Last year alone, Ridgetop police officers wrote $258,000 in tickets in a town with a population of only 2,076 people.

“It’s a ticket quota that they have put on the department, and it’s such an astronomical amount. I can’t justify my guys sitting 10 to 12 hours running radar and doing nothing else,” Ridgetop Police Chief Bryan Morris told WZTV.

In other towns of the same size, officers wrote between $13,000 and $93,000 in tickets, but nowhere else came even close to the revenue Ridgetop generates through ticket fines.

Chief Morris said he’s being pushed to have his officers write even more tickets by the mayor and the vice mayor of the town.

But ticket quotas are illegal in Tennessee, and elected officials cannot force police departments to write a specific number of tickets, according to WZTV.

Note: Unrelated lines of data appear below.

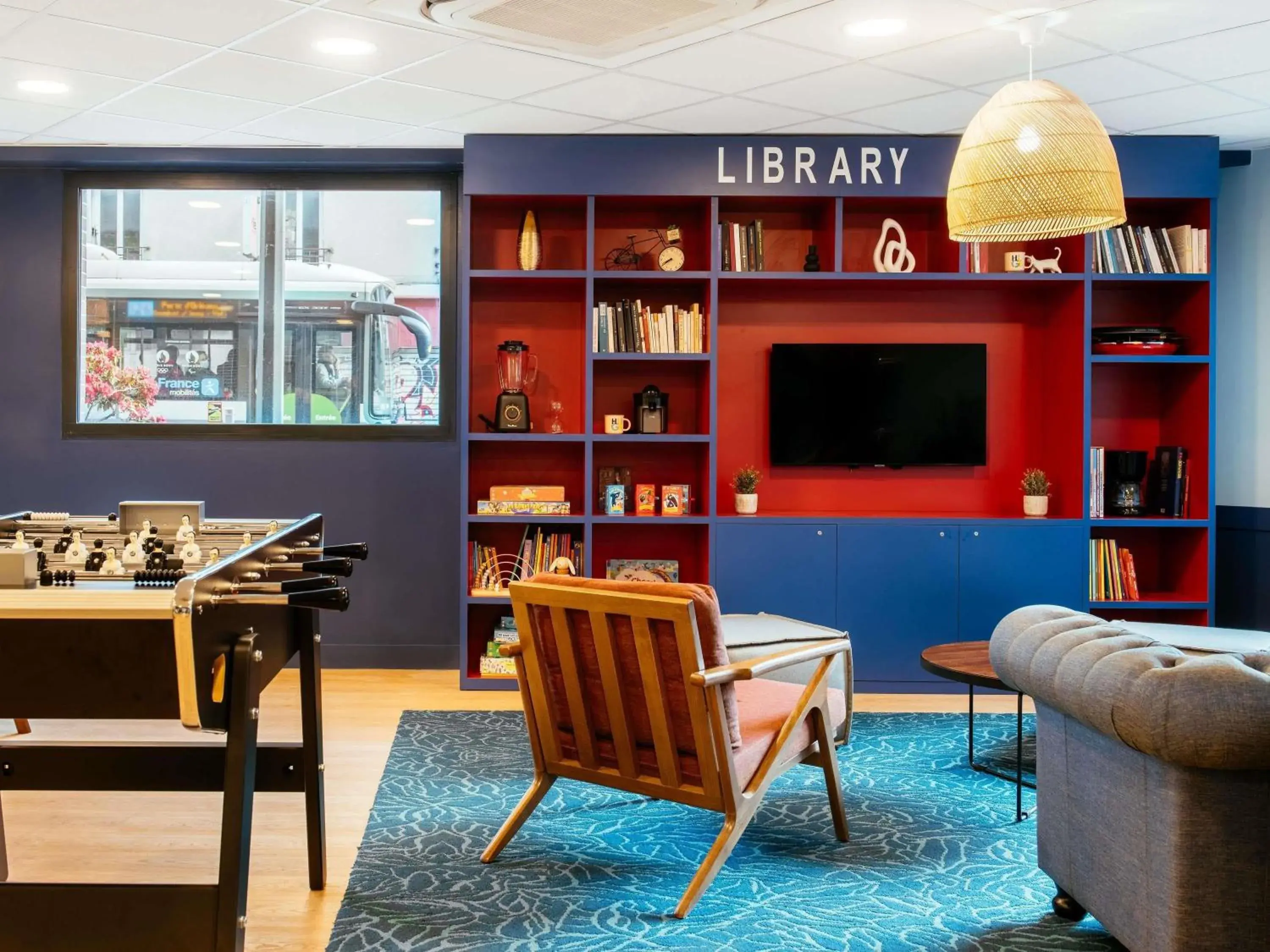 Property building in Aparthotel Adagio Paris Malakoff Chatillon Property building in Aparthotel Adagio Paris Malakoff Chatillon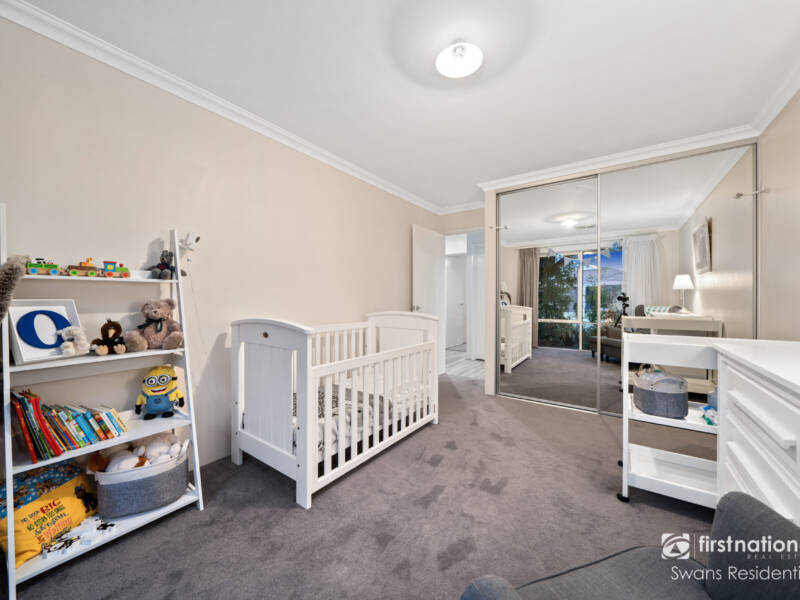 12 Ridsdale Road, ELLENBROOK, WA 6069 AUS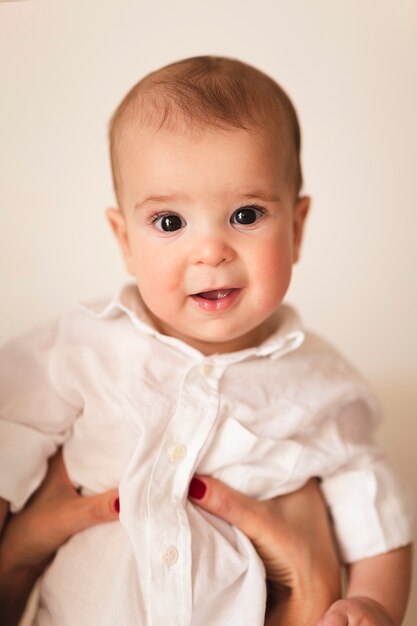 Vue de face d'un bébé innocent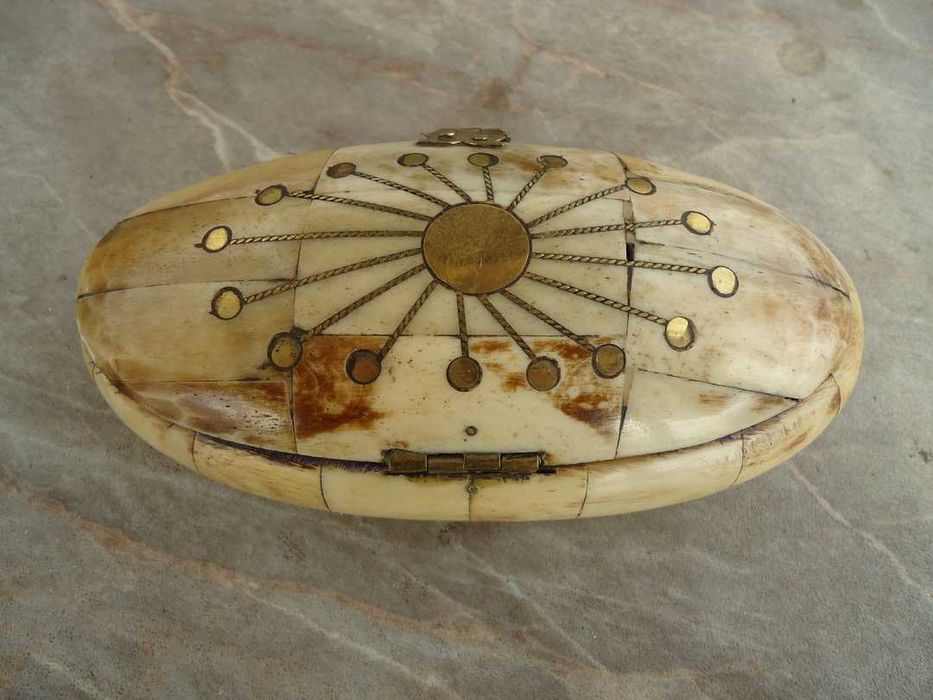 Кутия за бижута от камилска кост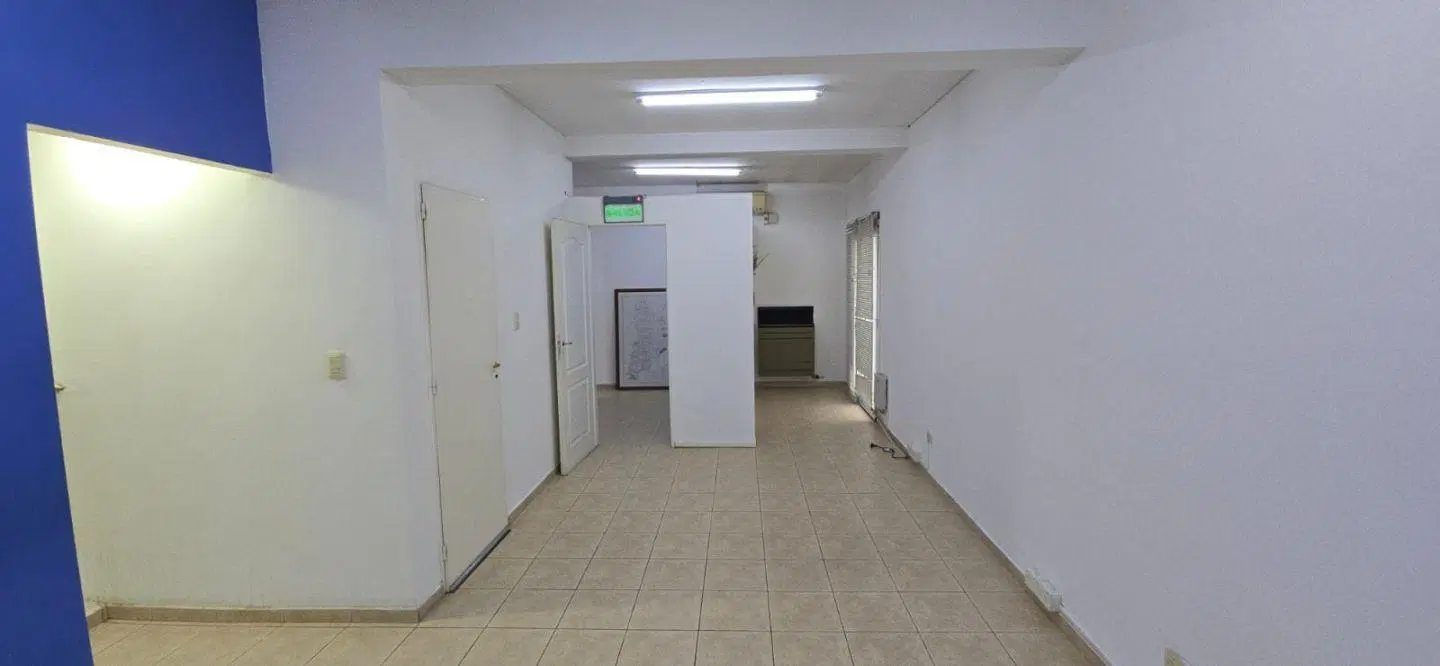 Alquilo Oficina 145m2 4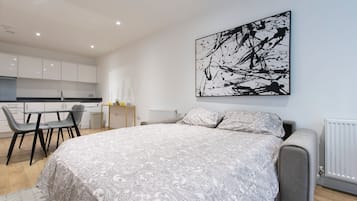 2 bedrooms, iron/ironing board, free WiFi, bed sheets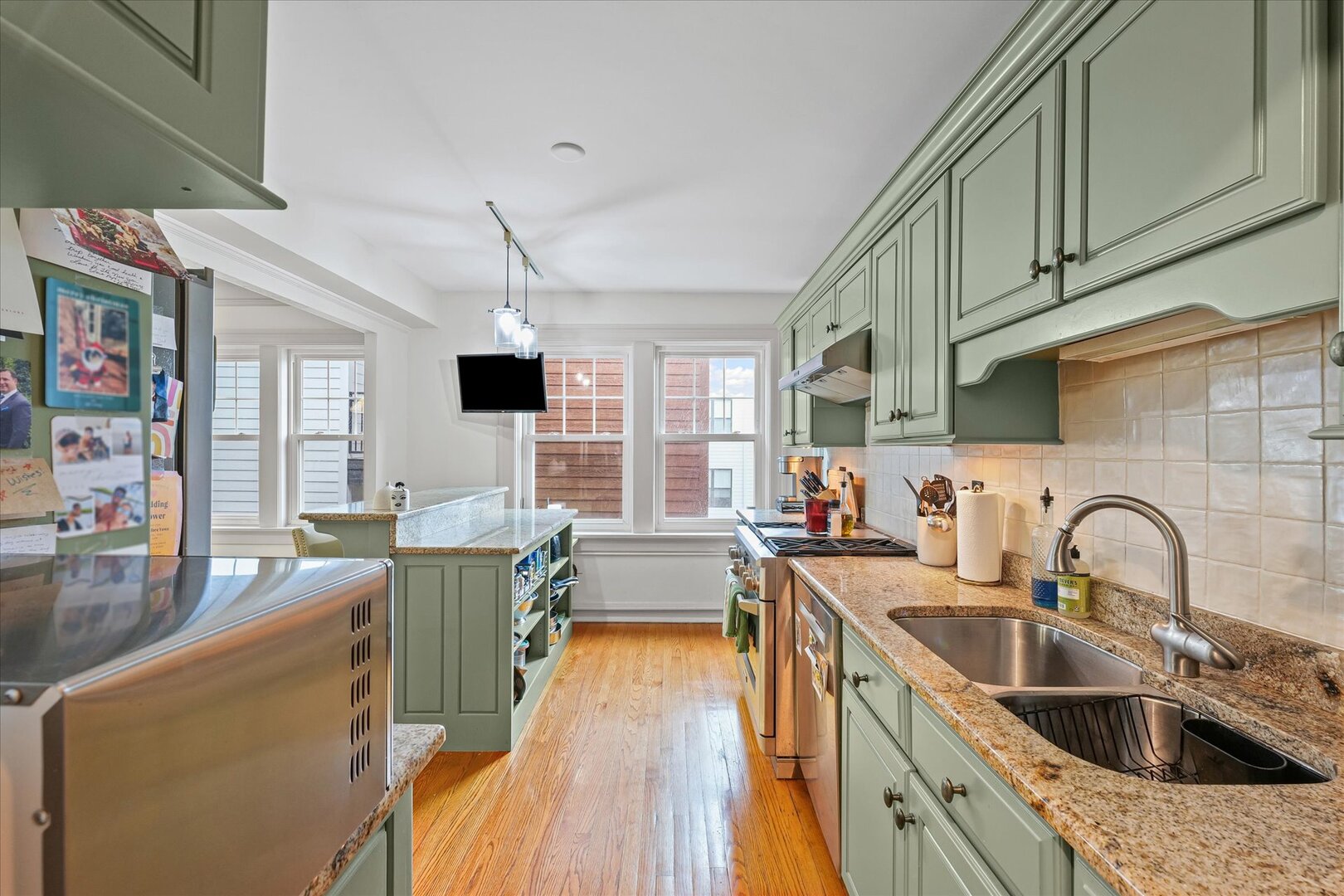 305 West University Avenue, Unit 4 Champaign, IL 61820 - Photo 14 of 27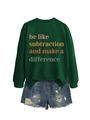 Dettaglio della felpa verde scuro con slogan e pantaloncini di jeans sfrangiati set - Verde scuro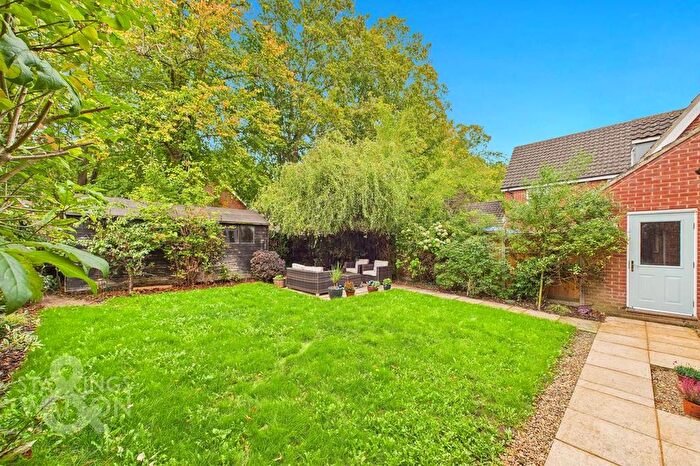 5 Bedroom Detached House For Sale In Nelson Drive, Little Plumstead, Norwich, NR13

It’s also against the law to threaten a law enforcement officer’s job, raises, or staffing – such behavior can be charged as felony official misconduct.

Frustrated with what the chief knew were clearly illegal orders from the town’s hierarchy, he set out to expose what was happening, WZTV reported.

He asked Ridgetop Police Detective Shawn Taylor to help him gather evidence about the misconduct, and the experienced drug investigator agreed to assist, regardless of the fact that helping the chief could ultimately get him fired.

“It is our job to call that out and to hold whoever it is accountable. We are the last line of defense. If we are not going to stand up, who is? Who is going to protect the citizens?” Det. Taylor asked.

The detective said he takes the whole situation personally because he doesn’t get credit when he solves real crimes, but he gets criticized if he doesn’t write as many tickets as they want, WZTV reported.

“Law enforcement is not about tickets, it’s about trying to cut down on crime, it’s not about generating revenue. All you hear on that tape is revenue, revenue, revenue. You don’t hear anything about public safety,” Det. Taylor said.

So the detective secretly recorded meetings between Ridgetop Mayor Tony Reasoner, Vice-Mayor McCaw Johnson, and Chief Morris.

During the meeting, Johnson told the police chief that he would give raises and hire a seventh officer for an average of 210 tickets per month per officer.

“I will make a proposal right now. I will give the two bottom guys a raise for the 12-month period and hire back the seventh officer if you write an average of 210 tickets a month. I will do that, but I better see 210 tickets a month,” Johnson said on the recording.

But when WZTV showed up at the city council meeting and asked Reasoner and Johnson about the recording, they denied having set quotas.

“I don’t talk tickets. I talk revenue stream,” Johnson said.

When asked if he knew that quotas were illegal in Tennessee, the mayor said he was aware of the law.

WZTV reported that they had turned the findings of their investigation over to the district attorney.